_Work instructions_. Set down a true copy of the data, with all pictures left out.

_Dataset extract_.
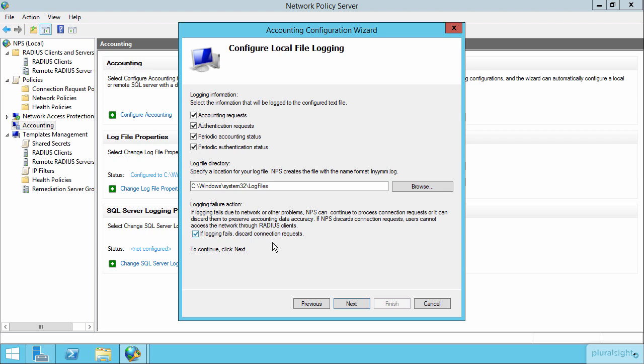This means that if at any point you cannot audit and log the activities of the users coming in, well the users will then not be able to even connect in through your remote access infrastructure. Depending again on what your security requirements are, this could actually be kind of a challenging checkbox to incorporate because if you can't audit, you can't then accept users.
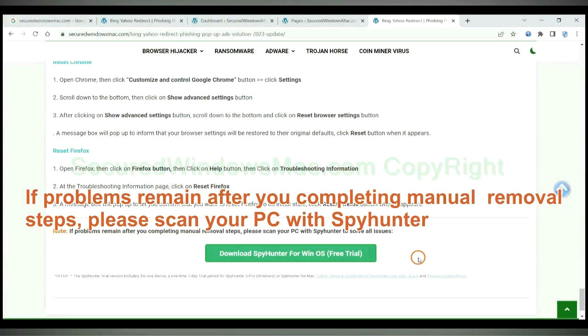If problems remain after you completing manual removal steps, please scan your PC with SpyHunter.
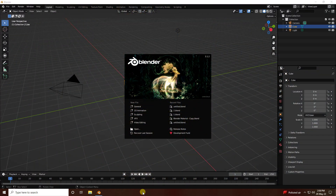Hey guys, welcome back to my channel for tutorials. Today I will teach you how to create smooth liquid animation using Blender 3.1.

_Answer for this exercise_.
This means that if at any point you cannot audit and log the activities of the users coming in, well the users will then not be able to even connect in through your remote access infrastructure. Depending again on what your security requirements are, this could actually be kind of a challenging checkbox to incorporate because if you can't audit, you can't then accept users.
If problems remain after you completing manual removal steps, please scan your PC with SpyHunter.
Hey guys, welcome back to my channel for tutorials. Today I will teach you how to create smooth liquid animation using Blender 3.1.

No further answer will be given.